PROMPT →
The entries below must be repeated exactly. None may be skipped.

BEGIN MATERIAL SHOWN

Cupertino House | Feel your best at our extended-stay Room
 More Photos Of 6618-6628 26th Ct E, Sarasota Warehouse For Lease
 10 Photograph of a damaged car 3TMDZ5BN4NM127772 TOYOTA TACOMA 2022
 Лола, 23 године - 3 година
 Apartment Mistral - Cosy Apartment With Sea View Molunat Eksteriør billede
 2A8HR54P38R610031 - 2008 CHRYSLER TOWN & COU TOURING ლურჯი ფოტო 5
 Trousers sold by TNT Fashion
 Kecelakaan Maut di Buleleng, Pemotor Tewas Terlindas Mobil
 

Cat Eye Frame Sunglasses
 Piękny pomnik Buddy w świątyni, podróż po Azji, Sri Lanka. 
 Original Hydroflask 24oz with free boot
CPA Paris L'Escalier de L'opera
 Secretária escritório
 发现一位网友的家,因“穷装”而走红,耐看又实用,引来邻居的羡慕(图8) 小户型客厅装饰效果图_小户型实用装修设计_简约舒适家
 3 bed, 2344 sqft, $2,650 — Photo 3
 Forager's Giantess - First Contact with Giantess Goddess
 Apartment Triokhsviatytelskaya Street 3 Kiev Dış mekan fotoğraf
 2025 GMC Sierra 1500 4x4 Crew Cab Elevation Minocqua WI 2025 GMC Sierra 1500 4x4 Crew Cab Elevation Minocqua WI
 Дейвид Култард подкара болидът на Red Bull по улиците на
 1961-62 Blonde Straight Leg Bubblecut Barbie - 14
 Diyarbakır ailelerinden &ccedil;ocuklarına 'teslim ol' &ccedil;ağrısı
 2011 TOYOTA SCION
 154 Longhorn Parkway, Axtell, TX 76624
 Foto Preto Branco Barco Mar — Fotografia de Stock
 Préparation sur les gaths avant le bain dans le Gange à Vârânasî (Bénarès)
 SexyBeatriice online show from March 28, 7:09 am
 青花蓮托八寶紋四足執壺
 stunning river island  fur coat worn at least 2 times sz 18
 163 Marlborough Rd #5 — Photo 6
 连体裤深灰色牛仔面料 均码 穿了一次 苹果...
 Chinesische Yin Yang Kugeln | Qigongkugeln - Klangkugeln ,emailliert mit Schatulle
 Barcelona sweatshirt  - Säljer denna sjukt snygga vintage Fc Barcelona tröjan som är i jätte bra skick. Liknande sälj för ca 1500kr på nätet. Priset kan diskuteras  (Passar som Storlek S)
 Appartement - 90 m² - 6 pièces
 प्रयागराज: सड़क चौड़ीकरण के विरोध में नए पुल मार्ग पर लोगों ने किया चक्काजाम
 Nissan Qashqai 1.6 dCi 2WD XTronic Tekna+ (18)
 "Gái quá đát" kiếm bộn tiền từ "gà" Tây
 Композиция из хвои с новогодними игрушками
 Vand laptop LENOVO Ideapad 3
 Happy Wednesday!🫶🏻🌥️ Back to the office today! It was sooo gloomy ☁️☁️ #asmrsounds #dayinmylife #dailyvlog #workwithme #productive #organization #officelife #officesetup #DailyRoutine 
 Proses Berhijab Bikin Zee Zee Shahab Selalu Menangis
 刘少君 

END MATERIAL SHOWN

REPLY →
Cupertino House | Feel your best at our extended-stay Room
 More Photos Of 6618-6628 26th Ct E, Sarasota Warehouse For Lease
 10 Photograph of a damaged car 3TMDZ5BN4NM127772 TOYOTA TACOMA 2022
 Лола, 23 године - 3 година
 Apartment Mistral - Cosy Apartment With Sea View Molunat Eksteriør billede
 2A8HR54P38R610031 - 2008 CHRYSLER TOWN & COU TOURING ლურჯი ფოტო 5
 Trousers sold by TNT Fashion
 Kecelakaan Maut di Buleleng, Pemotor Tewas Terlindas Mobil
 

Cat Eye Frame Sunglasses
 Piękny pomnik Buddy w świątyni, podróż po Azji, Sri Lanka. 
 Original Hydroflask 24oz with free boot
CPA Paris L'Escalier de L'opera
 Secretária escritório
 发现一位网友的家,因“穷装”而走红,耐看又实用,引来邻居的羡慕(图8) 小户型客厅装饰效果图_小户型实用装修设计_简约舒适家
 3 bed, 2344 sqft, $2,650 — Photo 3
 Forager's Giantess - First Contact with Giantess Goddess
 Apartment Triokhsviatytelskaya Street 3 Kiev Dış mekan fotoğraf
 2025 GMC Sierra 1500 4x4 Crew Cab Elevation Minocqua WI 2025 GMC Sierra 1500 4x4 Crew Cab Elevation Minocqua WI
 Дейвид Култард подкара болидът на Red Bull по улиците на
 1961-62 Blonde Straight Leg Bubblecut Barbie - 14
 Diyarbakır ailelerinden &ccedil;ocuklarına 'teslim ol' &ccedil;ağrısı
 2011 TOYOTA SCION
 154 Longhorn Parkway, Axtell, TX 76624
 Foto Preto Branco Barco Mar — Fotografia de Stock
 Préparation sur les gaths avant le bain dans le Gange à Vârânasî (Bénarès)
 SexyBeatriice online show from March 28, 7:09 am
 青花蓮托八寶紋四足執壺
 stunning river island  fur coat worn at least 2 times sz 18
 163 Marlborough Rd #5 — Photo 6
 连体裤深灰色牛仔面料 均码 穿了一次 苹果...
 Chinesische Yin Yang Kugeln | Qigongkugeln - Klangkugeln ,emailliert mit Schatulle
 Barcelona sweatshirt  - Säljer denna sjukt snygga vintage Fc Barcelona tröjan som är i jätte bra skick. Liknande sälj för ca 1500kr på nätet. Priset kan diskuteras  (Passar som Storlek S)
 Appartement - 90 m² - 6 pièces
 प्रयागराज: सड़क चौड़ीकरण के विरोध में नए पुल मार्ग पर लोगों ने किया चक्काजाम
 Nissan Qashqai 1.6 dCi 2WD XTronic Tekna+ (18)
 "Gái quá đát" kiếm bộn tiền từ "gà" Tây
 Композиция из хвои с новогодними игрушками
 Vand laptop LENOVO Ideapad 3
 Happy Wednesday!🫶🏻🌥️ Back to the office today! It was sooo gloomy ☁️☁️ #asmrsounds #dayinmylife #dailyvlog #workwithme #productive #organization #officelife #officesetup #DailyRoutine 
 Proses Berhijab Bikin Zee Zee Shahab Selalu Menangis
 刘少君 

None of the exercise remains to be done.